To prove membership of a single aligned slice, you now need to prove several things:

The leaf value corresponding to the subtree is included, as are all of its ancestors up to that root.
The leaf values in any higher tree in the forest are not included.
The value corresponding to the subtree is not included in any lower tree in the forest.

This is best illustrated by example. Suppose we want to prove membership of coin 1 (ie. the second coin from the left). Values for which we prove membership are colored greed, and values for which we prove non-membership are colored red:

Now, suppose we want to prove inclusion of the aligned slice containing coin 0 and coin 1:

The general principle is that there are separate trees that are used to prove membership of an aligned slice at each 2^k size level, and this proof of membership includes a proof that aligned slices intersecting with that slice at higher or lower levels are not included.

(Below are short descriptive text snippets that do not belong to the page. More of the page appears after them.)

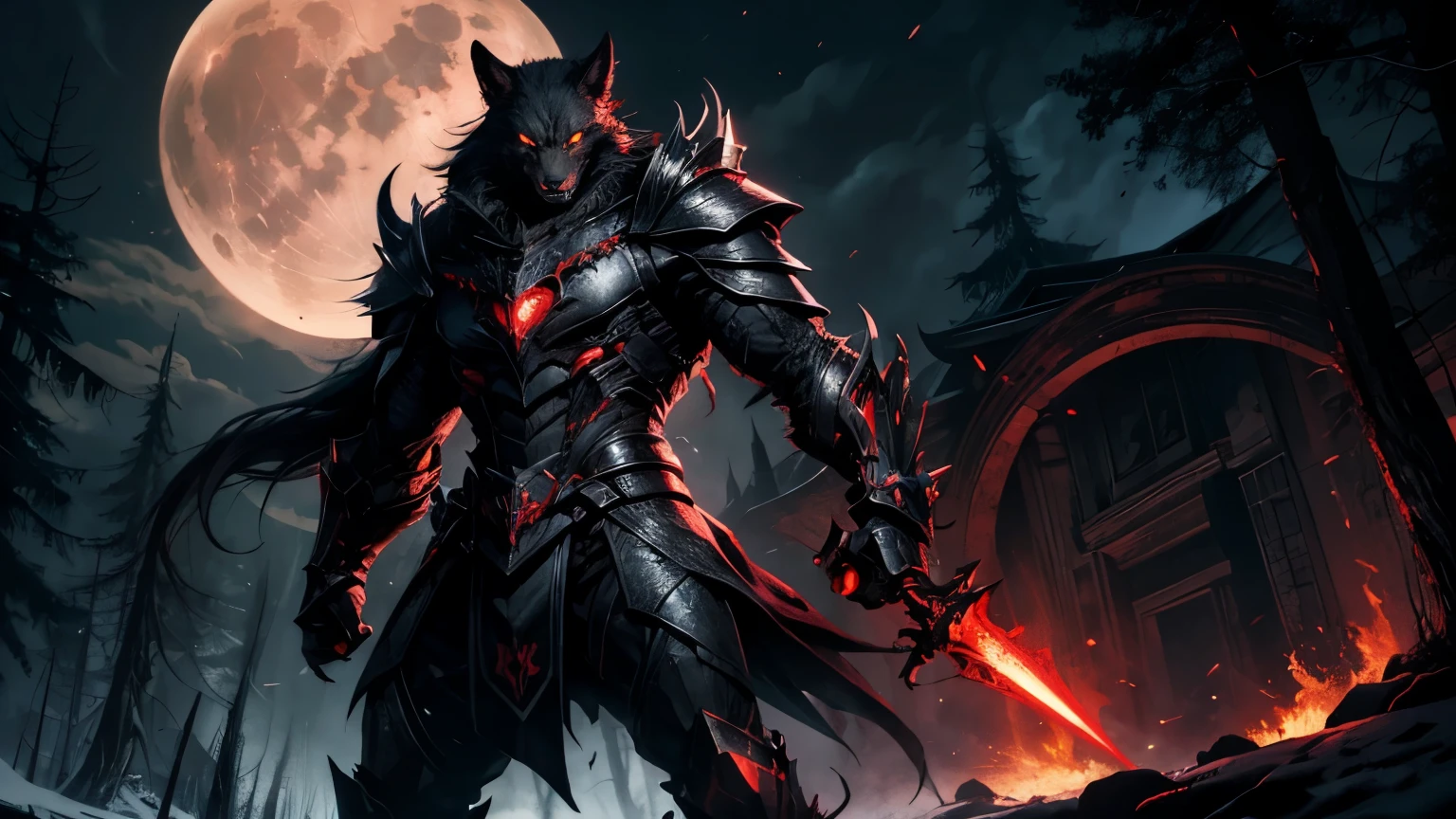Werewolf, Werewolf, full body, stands on two legs, wears black armor, wears a long coat, Futuristic armor, Red eyes, Red eyes, predatory look, frightening image, Predatory grin, scary look, dark and red tones, the forest, huge moon in the background, glowing eyes, Werewolf стоит один, there is no one else, red glow, bright eyes
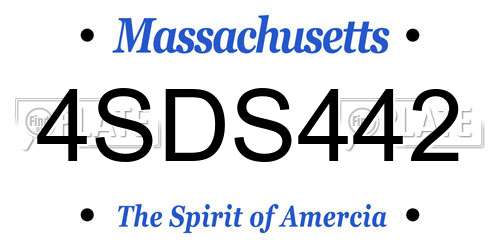4SDS442 Massachusetts License Plate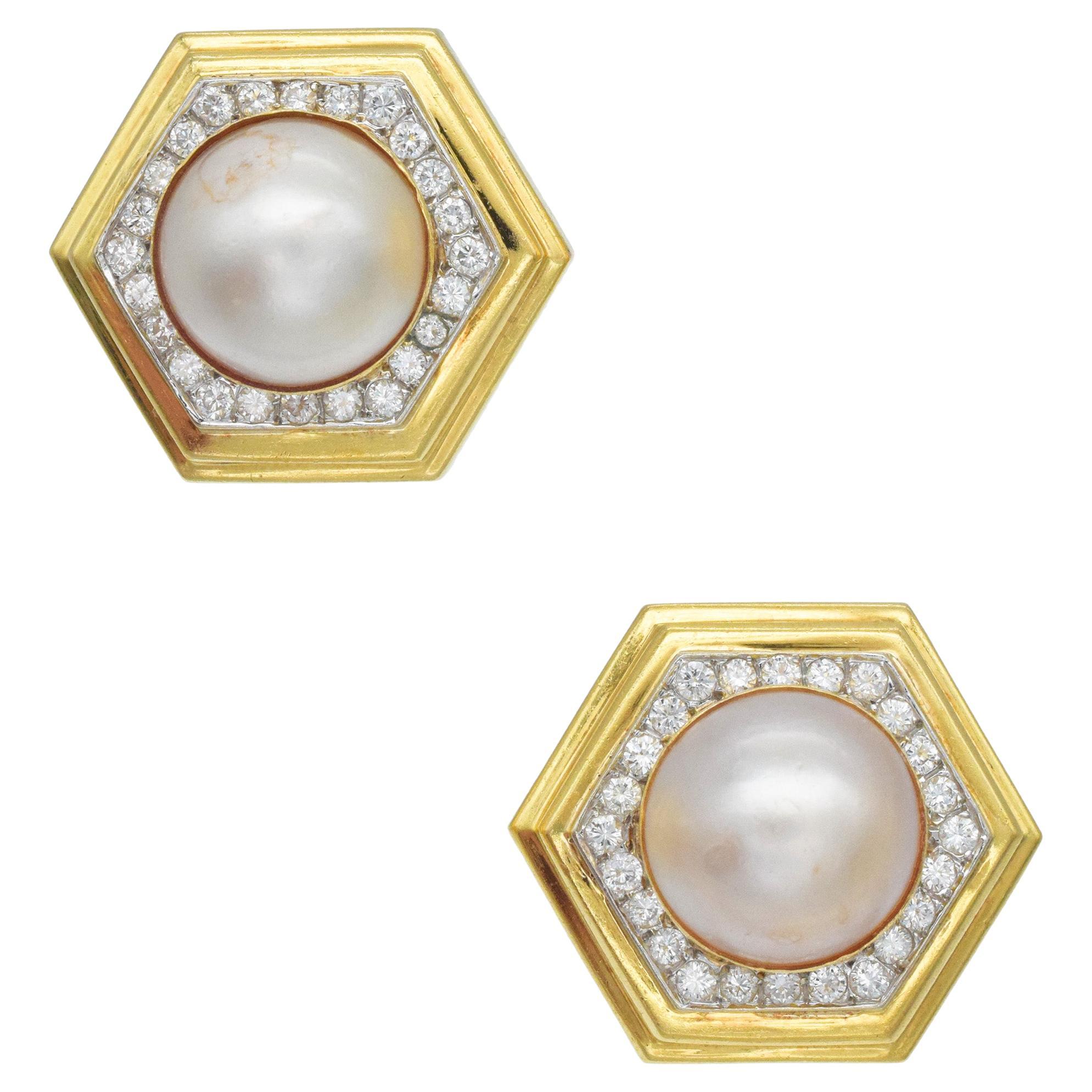 Emis Mobe Pearl And Diamond Hexagon Ear Clip For Sale
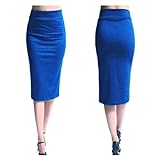 ZZZYW Frauenröcke, Enge Röcke, Büro-Damen, dünne knielangen hohe Taille Stretch Sexy Bleistiftröcke (Color : Blue, Größe : M)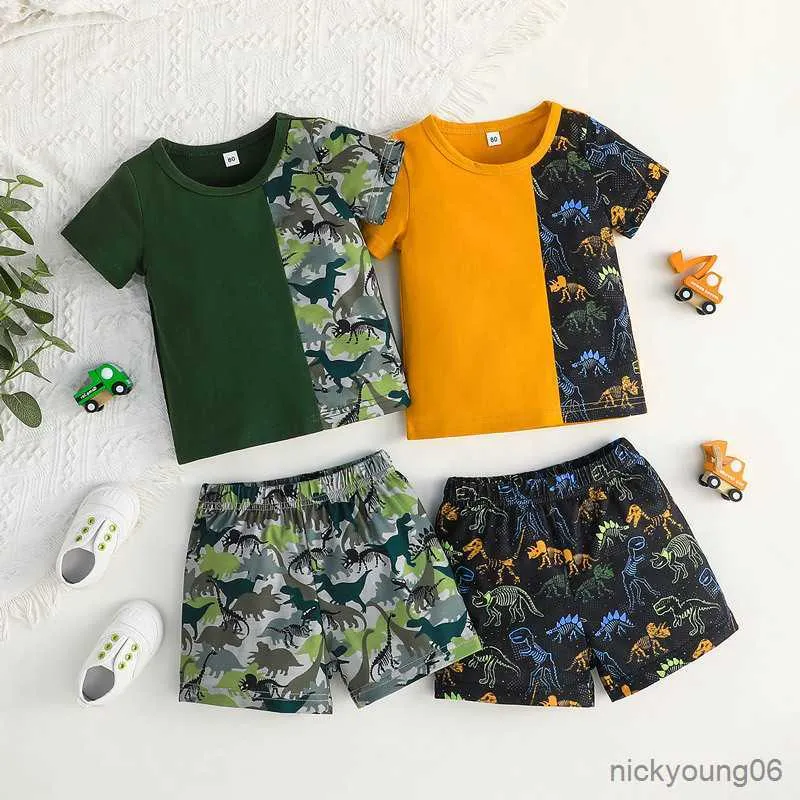 Set di abbigliamento Dinosauro Stampato Ragazzi Estate Manica corta Bambino e pantaloncini 2 pezzi Casual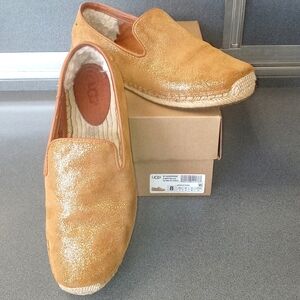 UGG Slip On Leather Metallic Espadrilles Sandrinne Shoes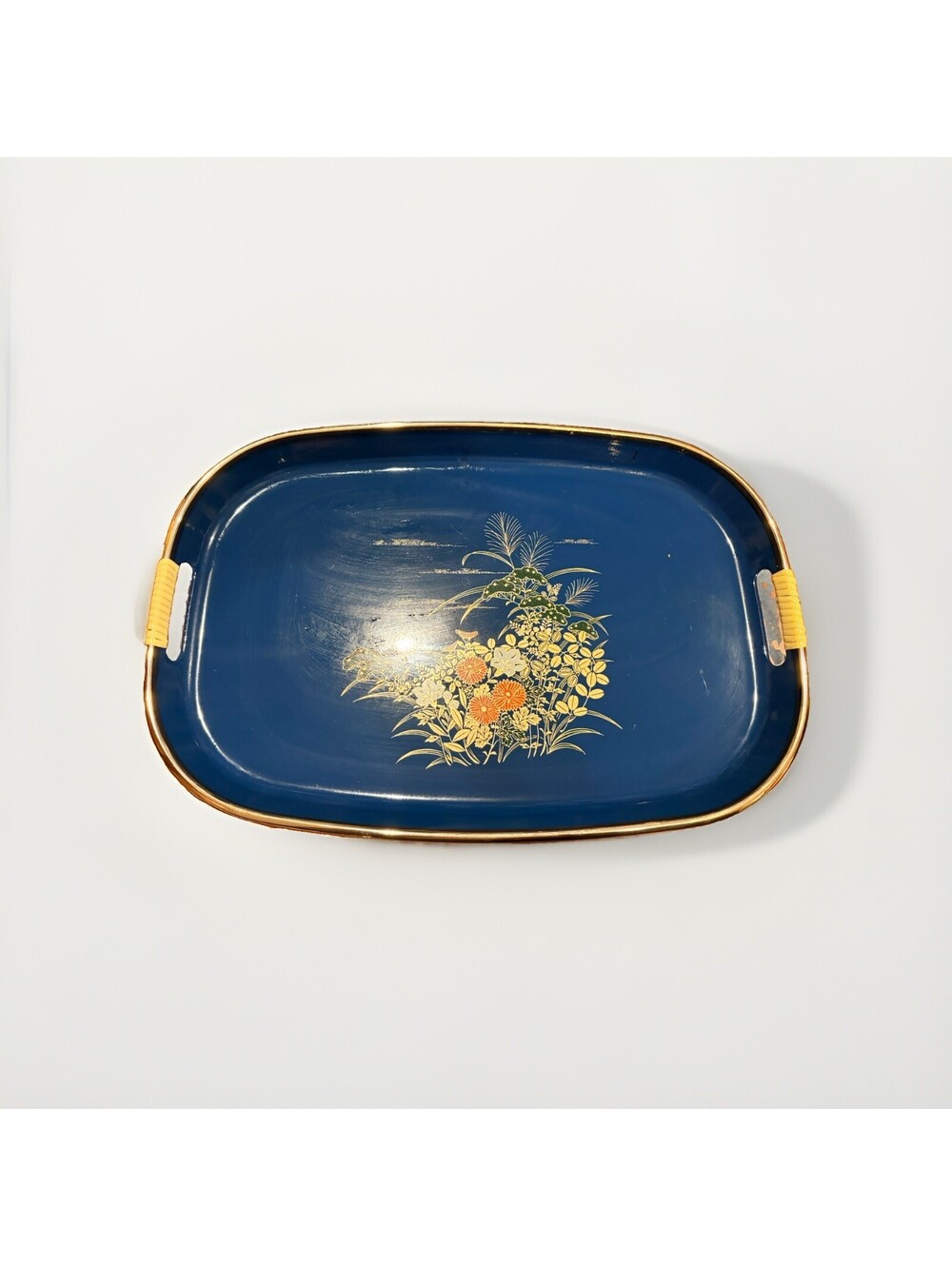 Vintage Japanese Lacquerware Serving Tray Blue Floral Gold Trim Made Japan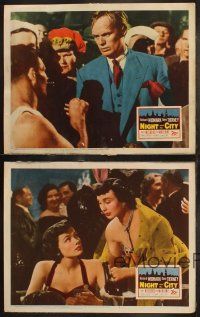 6s708 NIGHT & THE CITY 4 LCs '50 wrestling promoter Richard Widmark, directed by Jules Dassin!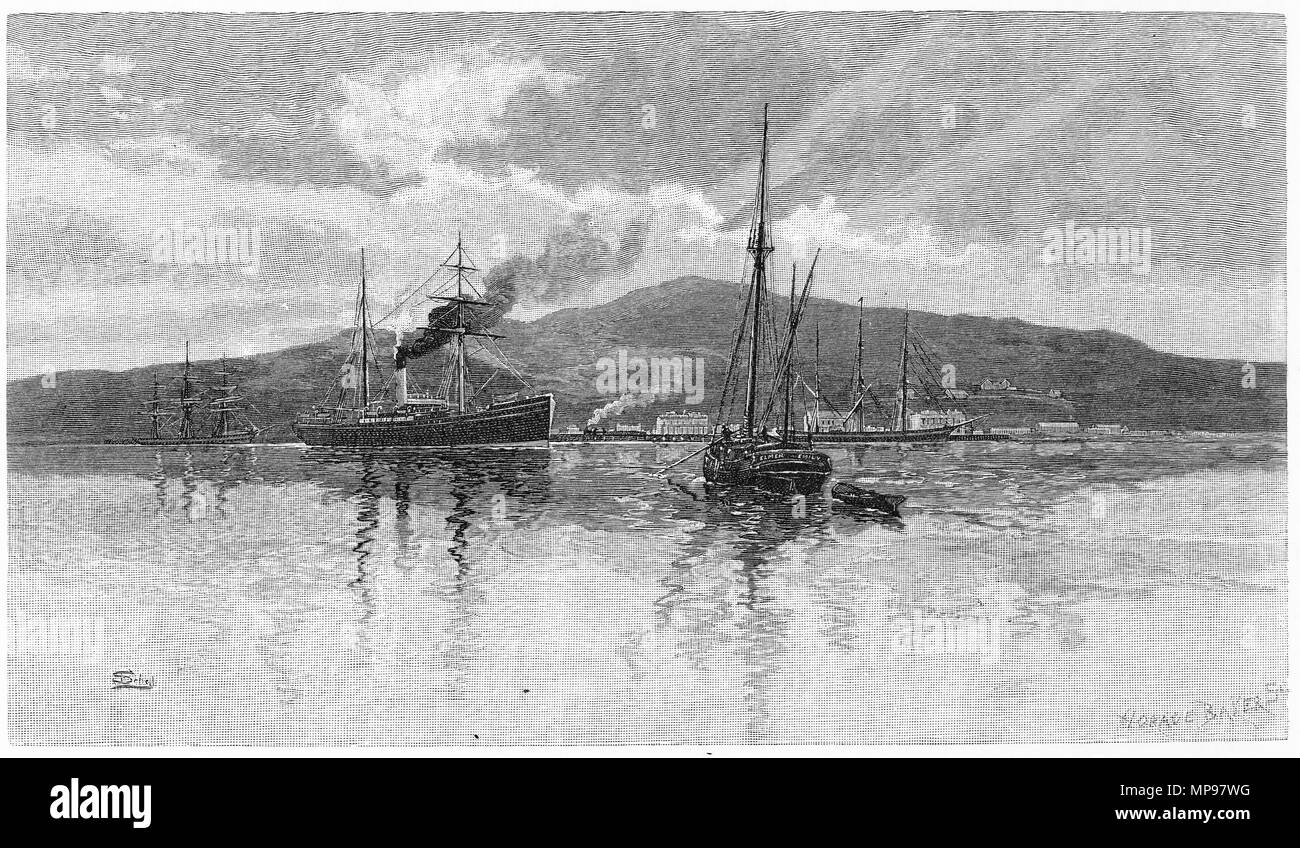 Incisione di la città di pescatori di Bluff, l'insediamento più meridionale in Nuova Zelanda, circa 1880, Nuova Zelanda. Dal pittoresco Atlas dell Australasia Vol 3, 1886 Foto Stock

Now, to prove that a given aligned slice is not included, we make a proof as follows (using coins 0 and 1 as an example):

This proves that:

The aligned slice [0...3] cannot be included (as that would require including the prime 2, which we prove is excluded)
The aligned slice [0...1] cannot be included (as that would require including the prime$7$)
The individual coins 0 or 1 cannot be included (as either of those proofs would require including the prime 13)

All of these proofs are of size log(n) for n total coins, and this includes both cost of verification and transmission and cost of construction. If all transactions ever only touched two-coin aligned slices, no one will ever need to do any calculations using the primes 19, 23, 29 or 31.

If a Plasma Cash implementation wishes to use a very large number of coins (eg. 2^{50} coins), then this is a very helpful feature. However, how do we assign primes to that many coins? Ideally, we want primes that are as small as possible, as these are more efficient to generate proofs for.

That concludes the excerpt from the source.